(Records provided begins)

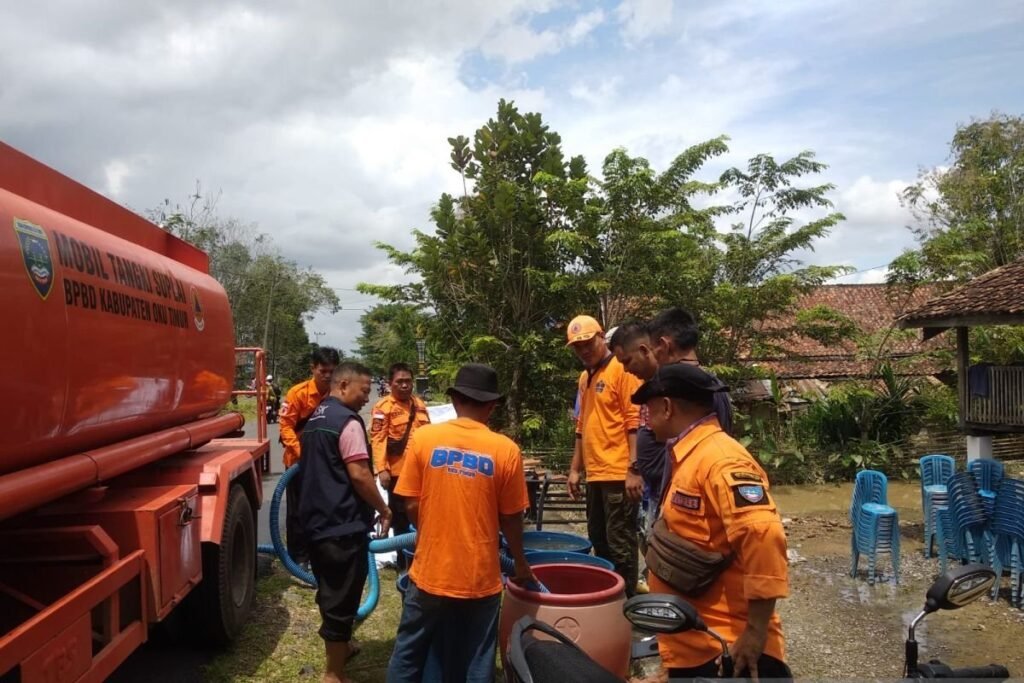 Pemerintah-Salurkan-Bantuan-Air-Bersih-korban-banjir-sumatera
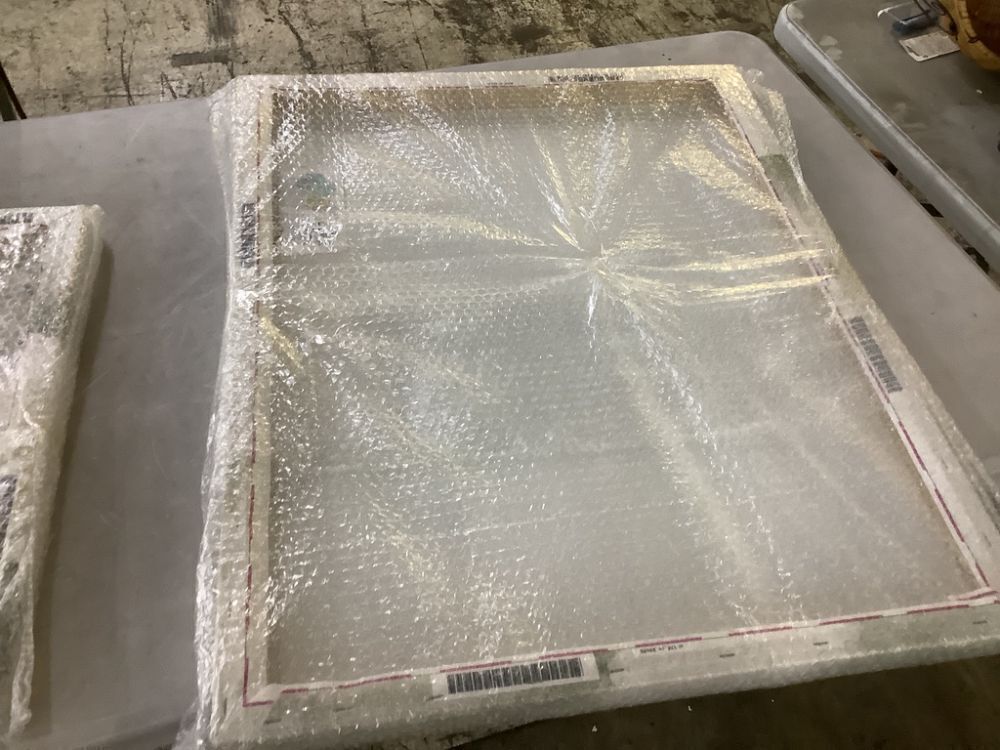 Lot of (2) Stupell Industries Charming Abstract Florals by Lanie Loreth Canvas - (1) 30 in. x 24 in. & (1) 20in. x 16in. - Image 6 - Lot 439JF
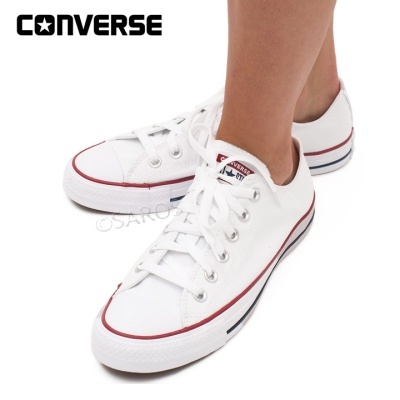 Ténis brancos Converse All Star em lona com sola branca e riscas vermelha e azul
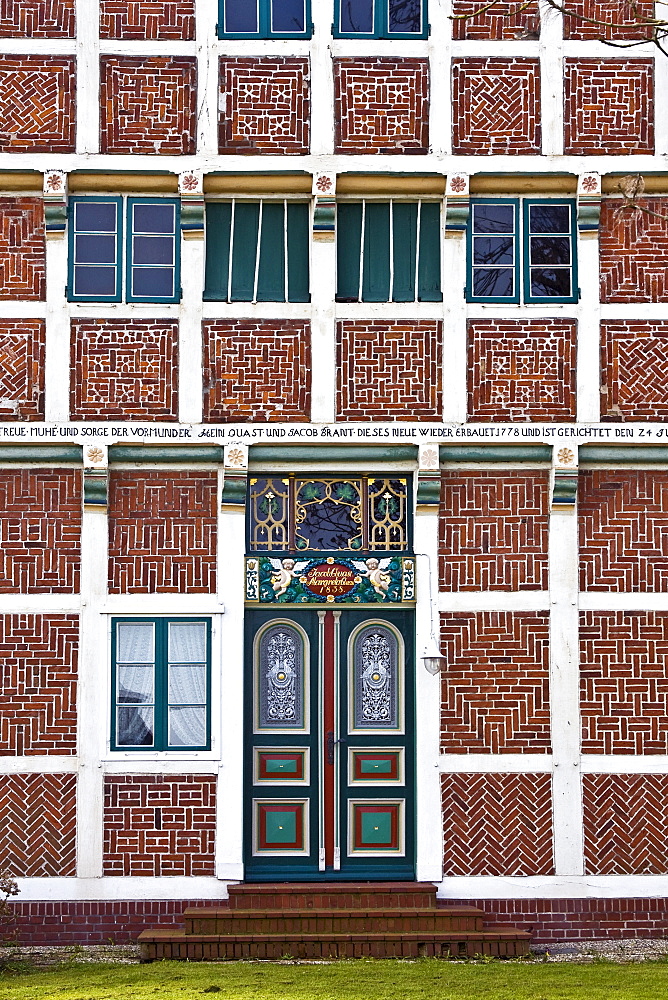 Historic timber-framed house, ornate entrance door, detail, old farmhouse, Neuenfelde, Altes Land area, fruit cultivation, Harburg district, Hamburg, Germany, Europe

(Records provided ends)
(Records provided begins)

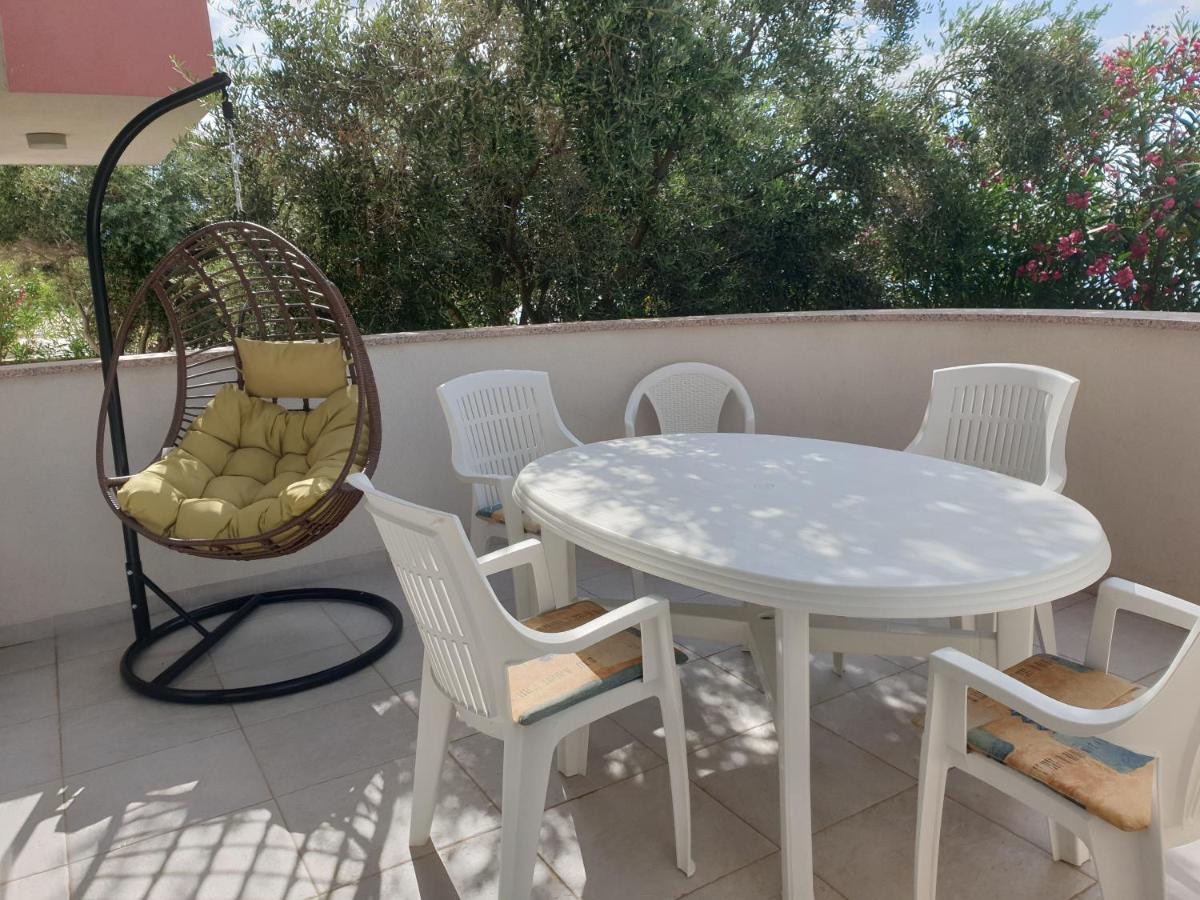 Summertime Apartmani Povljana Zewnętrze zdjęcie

(Records provided ends)
(Records provided begins)

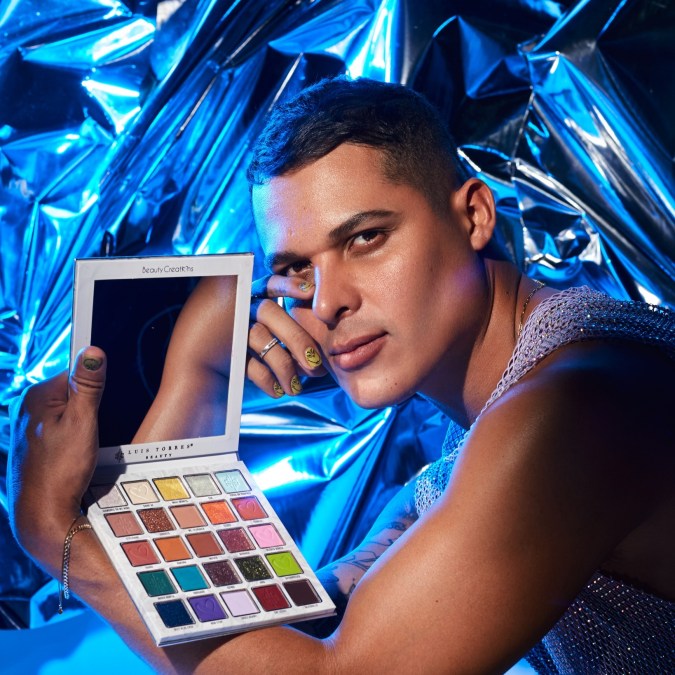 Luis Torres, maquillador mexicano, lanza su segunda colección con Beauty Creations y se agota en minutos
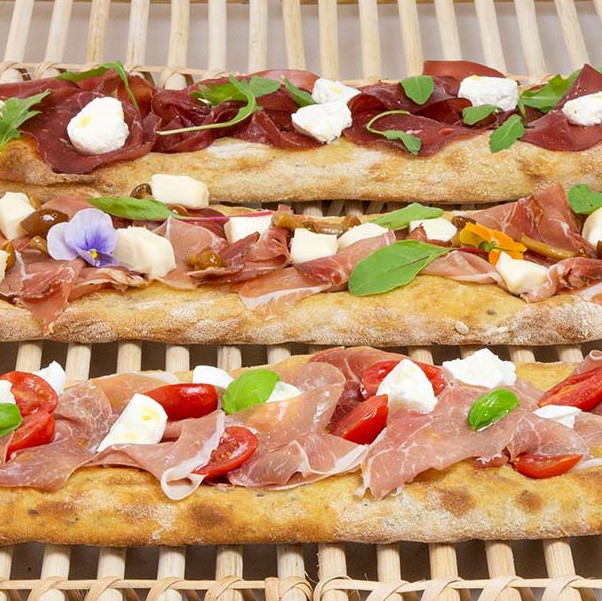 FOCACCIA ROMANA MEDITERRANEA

(Records provided ends)

[Task description]
With the pictures omitted, copy exactly the lines of the listing above starting at the line containing "Pemerintah-Salurkan-Bantuan-Air-Bersih-korban-banjir-sumatera" and ending at the line containing "Historic timber-framed house, ornate", both included.

[Task result]
 Pemerintah-Salurkan-Bantuan-Air-Bersih-korban-banjir-sumatera
 Lot of (2) Stupell Industries Charming Abstract Florals by Lanie Loreth Canvas - (1) 30 in. x 24 in. & (1) 20in. x 16in. - Image 6 - Lot 439JF
 Ténis brancos Converse All Star em lona com sola branca e riscas vermelha e azul
 Historic timber-framed house, ornate entrance door, detail, old farmhouse, Neuenfelde, Altes Land area, fruit cultivation, Harburg district, Hamburg, Germany, Europe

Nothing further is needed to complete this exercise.